Por Domingo, julio 12, 2015 0 Permalink 0

        Desde aquella posición su perspectiva era reducida. Los rayos de sol se asomaban tímidamente por la ventana, el espacio diáfano era amplio, pero la cama muy estrecha y la visión limitada. Color sobrio en las paredes, la pantalla gris de un aparato de televisión que rompía la sobriedad de una lisa pared, al girar el rostro a la derecha veía las puertas de un diminuto armario donde nada había que colgar pero donde, el día de la vuelta a la vida rutinaria, encontraría el mejor de los vestidos. Hacia la izquierda más pared vacía. “Incluir alguna foto de paisaje relajante no estaría mal”, pensaba cuando perdía sus pensamientos mirando al frente.

         Los sonidos eran leves, aunque los ruidos continuos. Una puerta cerrada, pasos por el pasillo, algún tacón que caminaba desubicado entre tanto silencio y… voces. Diversas, roncas, aflautadas, no pero casi siempre susurradas y lejanas, muy lejanas.

      Solo las conversaciones de los familiares, intrascendentes en estas situaciones, pero enormemente saludables, rompían los ruidos. Casi tanto como esos besos reparadores en la frente mientras permanecía tumbada. Posar los labios sobre el frontal es una de las señas más grandes de cariño, no en vano es éste el gesto de las madres para comprobar si los bebes tienen elevada la temperatura corporal.

      Sobre aquel estrecho lecho menguaba un dolor, surgía una nueva incomodidad y pasaban las horas, Siempre en compañía, familia, amigos, cariño, ternura y mimos. Nunca le gustó ser protagonista y hoy, postrada en esa cama, todo y todos giraban a su alrededor.

     Sin embargo, a veces no podía evitar sentir que algo estaba perdiendo esos días. La intervención no era grave, pero su cuerpo no iba a ser el mismo, no iba estar completo. Algo se había quedado allí para siempre y era inevitable ese vacío que, en algún instante, recorría más su mente que su cuerpo.

      Por eso, la placidez que sentía rodeada del cariño emitido por la gente de su entorno durante todo el día y noche. le amortiguaba la inquietud que le alteraba, muchos ratos, las emociones al cerrar los ojos y encontrarse con esos negativos sentimientos.

      La llegada de las enfermeras con la medicación le recordaba dónde estaba y sobre todo, el motivo que le había llevado allí. Intentaban sonreír, complacer,  ayudar, emitir ellas también calma, confianza, pero solo algunas lo conseguían. Porque su presencia llegaba en el momento oportuno o, simplemente, porque a veces hay casualidades y conexiones que crecen inesperadamente.

      Con aquella enfermera pasó algo así. La sonrisa de Ana siempre era terapéutica y amortiguaba el dolor físico y psíquico que, a ratos, sentía en primer plano. Creía recordar su voz cuando tras la intervención y todavía en duermevela, llegó a la habitación. Además, su saludable saludo y sus palabras cariñosas, Ana las trasladaba a los acompañantes de la enferma, cansados de una inquieta noche o una larga mañana y, en general, nerviosos por la impotencia que, a veces, provoca no poder aliviar a quien quieres cuando lo ves indefenso.
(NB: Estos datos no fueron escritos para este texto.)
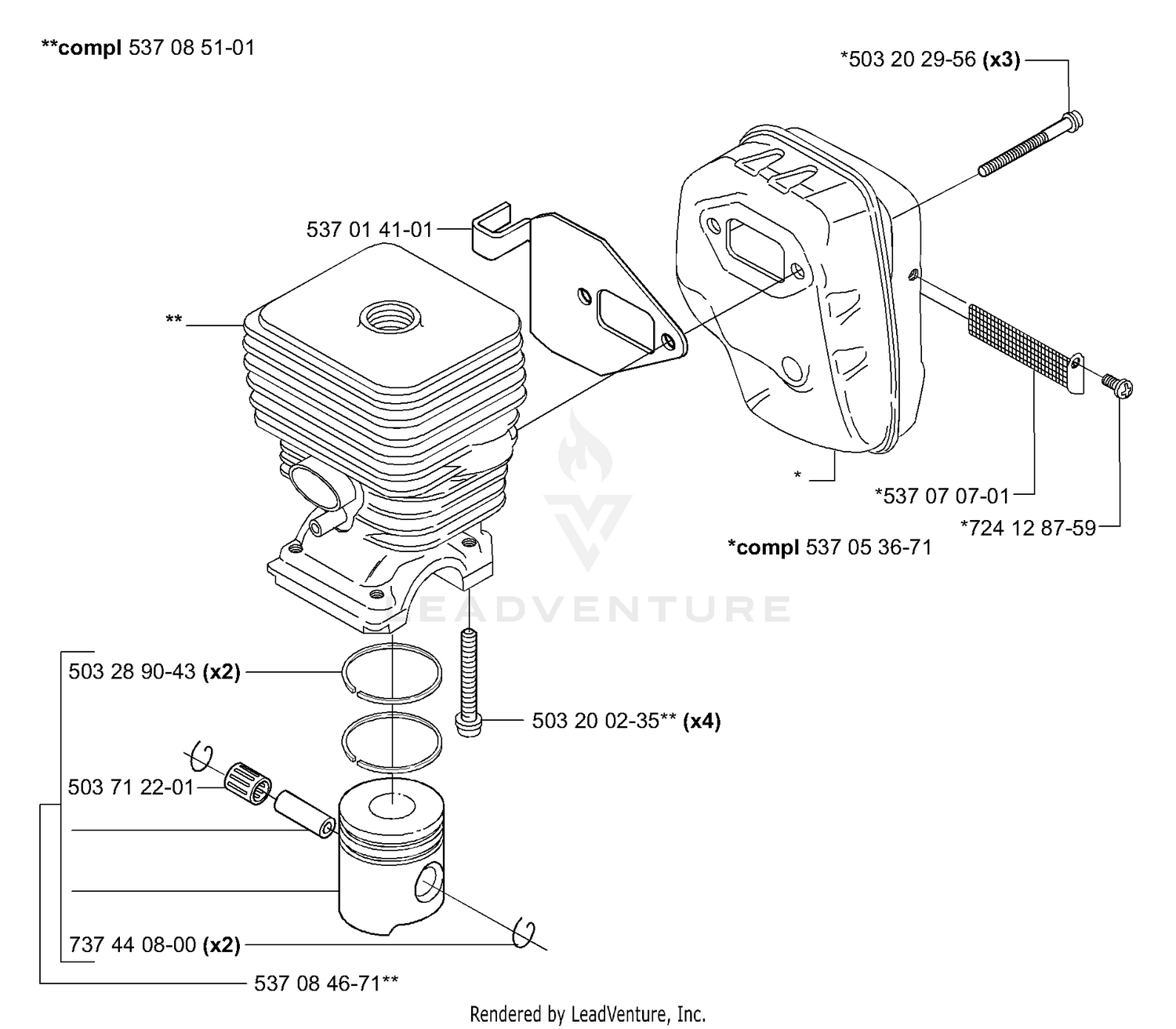 Piston / Cylinder / Muffler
      Le gustaba también recibir al médico. Don Francisco llegaba muy temprano, en un horario en el que solo recordaba estar despierta durante las jornadas de trabajo. Aparecía con un potente saludo y una palabra cariñosa, “¿qué tal la chica?. Y a ella, muy poco partidaria de las frases de cariñitos, ese “chica” le sonaba a proximidad y a mimo, eso que parece ser tanto iba a necesitar para recuperar el orden físico, pero, sobretodo moral, las primeras semanas de convalecencia.
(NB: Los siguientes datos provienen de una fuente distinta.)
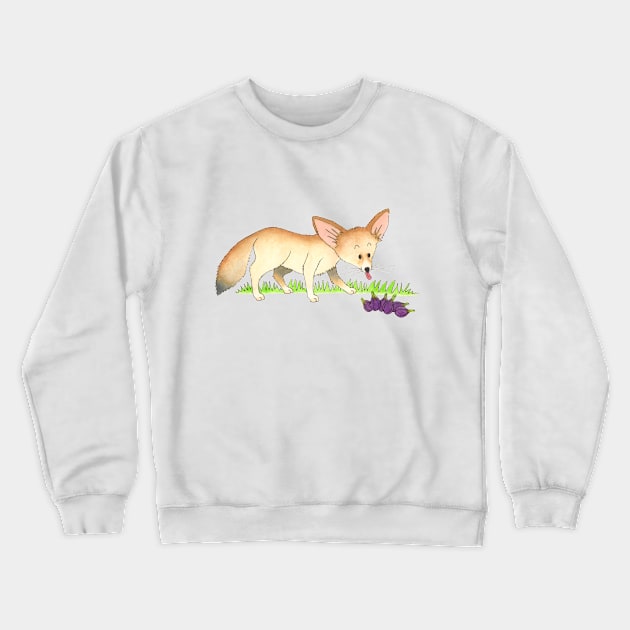 F is for Fennec Fox Crewneck Sweatshirt by thewatercolorwood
      Don Francisco encontraba argumento a cualquier inquietud de la paciente, cualquier extraño dolor o sensación que a ella le había preocupado desde su anterior visita y eso la tranquilizaba. “Entiende mi extraño cuerpo”, pensaba tumbada sobre la cama. Y eso rompía anhelos, le creaba sosiego y daba fuerzas.
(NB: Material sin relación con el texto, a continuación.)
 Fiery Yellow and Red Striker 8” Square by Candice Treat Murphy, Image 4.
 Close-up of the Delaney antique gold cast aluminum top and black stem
      Como todo pasa, aquella estancia hospitalaria también pasó. En el momento de partir de aquel hospital se llevaba para siempre como placentero recuerdo esos dos rostros y esos pequeños gestos de Ana y el doctor, tal vez imperceptibles detalles que para ella serían siempre grandes, enormes, plenos de ternura, bondad….Porque, a veces, la sonrisa emitida y los detalles livianos son más reparadores que una excelente profesionalidad. Porque, a veces, los gestos menudos pero humanos son los que hacen grandes a las personas y eternos los buenos recuerdos… incluso en los menos buenos momentos.